Lycurgus

Plutarch

Plutarch. Plutarch's Lives, Vol. I. Perrin, Bernadotte, translator. Cambridge, MA: Harvard University Press; London: William Heinemann Ltd., 1914.

With a view to attack luxury still more and remove the thirst for wealth, he introduced his third and most exquisite political device, namely, the institution of common messes, so that they might eat with one another in companies, of common and specified foods, and not take their meals at home, reclining on costly couches at costly tables, delivering themselves into the hands of servants and cooks to be fattened in the dark, like voracious animals,

and ruining not only their characters but also their bodies, by surrendering them to every desire and all sorts of surfeit, which call for long sleeps, hot baths, abundant rest, and, as it were, daily nursing and tending. This was surely a great achievement, but it was a still greater one to make wealth an object of no desire, as Theophrastus says, and even unwealth, [*](Cf. Morals, p. 527 b. ) by this community of meals and simplicity of diet.
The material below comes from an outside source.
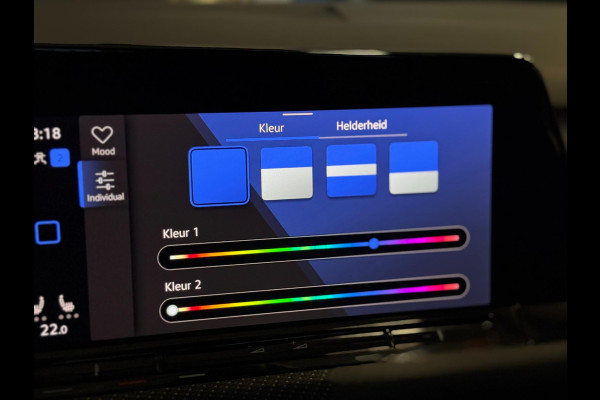 Volkswagen Golf 1.5 TSI R-Line | PANORAMA | CAMERA | LAGE KM!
For the rich man could neither use nor enjoy nor even see or display his abundant means, when he went to the same meal as the poor man; so that it was in Sparta alone, of all the cities under the sun, that men could have that far-famed sight, a Plutus blind, and lying as lifeless and motionless as a picture. For the rich could not even dine beforehand at home and then go to the common mess with full stomachs, but the rest kept careful watch of him who did not eat and drink with them, and reviled him as a weakling, and one too effeminate for the common diet.